On Thursday 26 April 2012 06:34:43 Thierry Reding wrote:
For reference, see sd_change_freq() in drivers/mmc/mmc.c.
yes, that shows what we're talking about. int sd_change_freq(struct mmc *mmc) { ... stack vars ... int err; ALLOC_CACHE_ALIGN_BUFFER(uint, scr, 2); struct mmc_data data; int timeout; ... stack vars ... ... data.dest = (char *)scr; data.blocksize = 8; data.blocks = 1; data.flags = MMC_DATA_READ; err = mmc_send_cmd(mmc, &cmd, &data); ...
static int mmc_send_cmd(struct mmc *mmc, struct mmc_cmd *cmd, struct mmc_data *data) { ... if (data->flags & MMC_DATA_READ) { if ((uintptr_t)data->dest & (ARCH_DMA_MINALIGN - 1)) printf("Warning: unaligned read from %p " "may fail\n", data->dest); invalidate_dcache_range((ulong)data->dest, (ulong)data->dest + data->blocks * data->blocksize); } ...
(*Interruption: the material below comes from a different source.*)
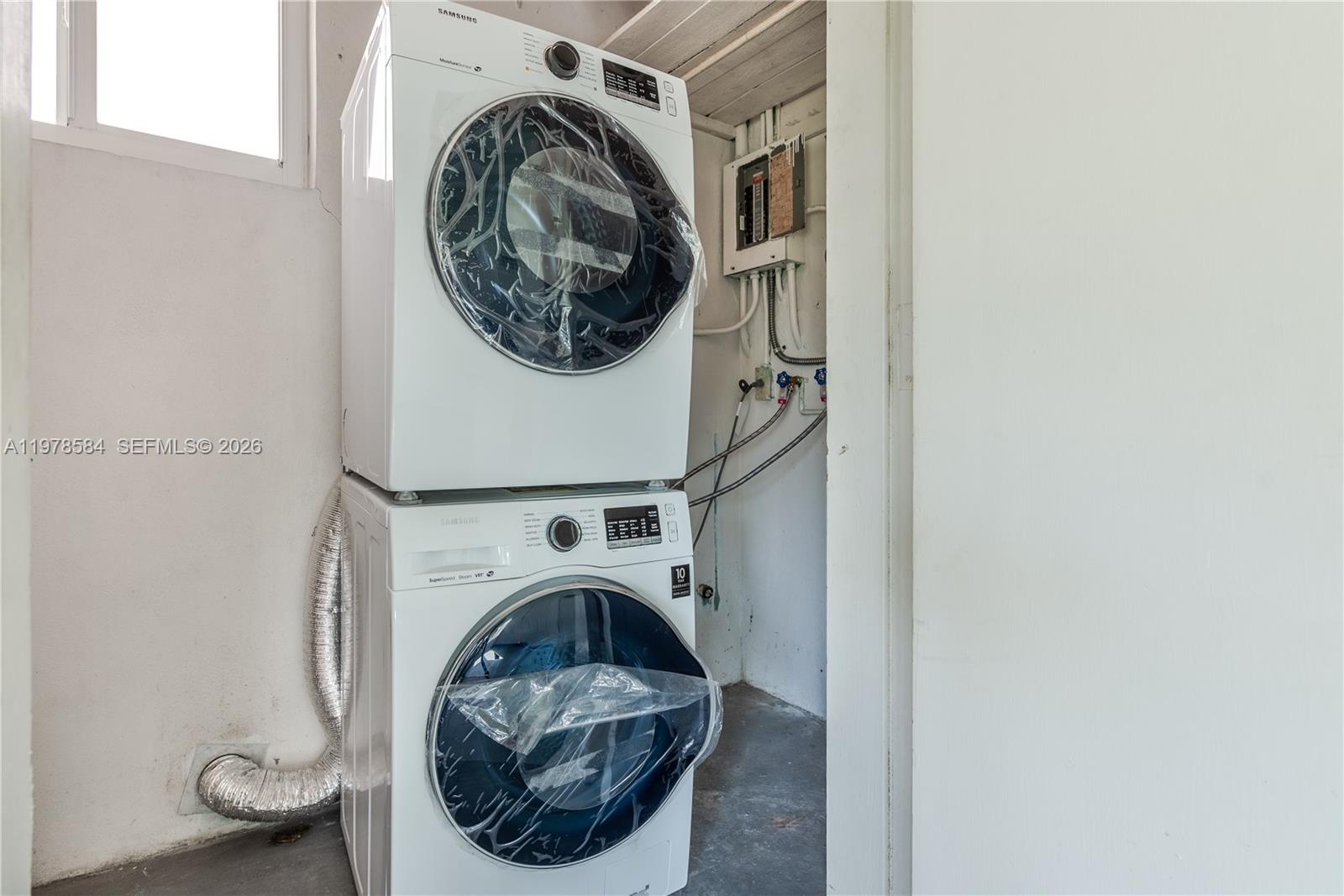 326 SE 3rd Ter Dania Beach, FL 33004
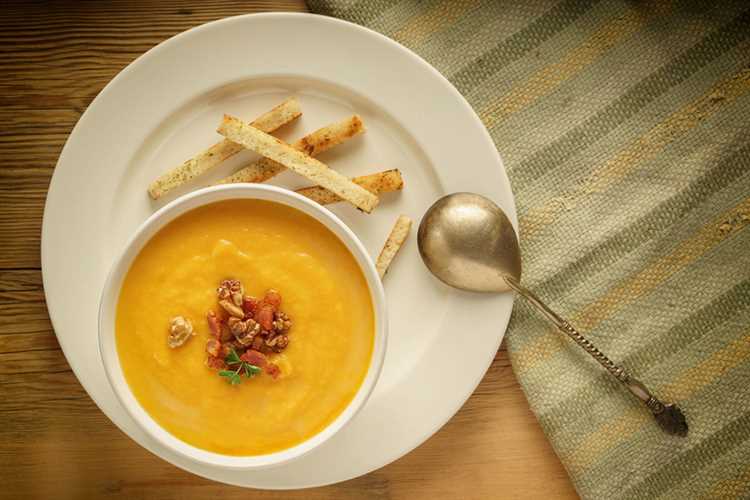 Тыквенный крем суп с сыром и яблоком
so what invalidate_dcache_range() will invalidate is from &scr and 8 bytes after that. the higher layers make sure &scr is aligned properly, but not that it spans a full cache line. so if the stack layout is: [random stuff] 0x100 [scr[0]] 0x104 [scr[1]] 0x108 [err] 0x10a [timeout] [more stuff]
this implicitly invalidates [err] and [timeout] and more stuff. by you forcibly rounding up the length, you no longer get a warning, but you still (silently) blew away those variables from cache possibly losing changes that weren't written back to external memory yet.
I worry that what you have done will just introduce obscure bugs, since we will potentially invalidate stack variants (for example) and lose their values.
With the case problems, we are trying to fix them at source (i.e. at the higher level).
I understand. The question then becomes how to best fix the passed in size. Always passing the size of a complete cacheline in the SEND_SCR command doesn't seem like a better option because it may have other implications on other hardware.
i proposed this in a previous thread, but i think Simon missed it.
perhaps the warning in the core code could be dropped and all your changes in fringe code obsoleted (such as these USB patches): when it detects that an address is starting on an unaligned boundary, flush that line first, and then let it be invalidated. accordingly, when the end length is on an unaligned boundary, do the same flush-then-invalidate step. this should also make things work without a (significant) loss in performance. if anything, i suspect the overhead of doing runtime buffer size calculations and manually aligning pointers (which is what ALLOC_CACHE_ALIGN_BUFFER does) is a wash compared to partially flushing cache lines in the core ...
Simon: what do you think of this last idea ? -mike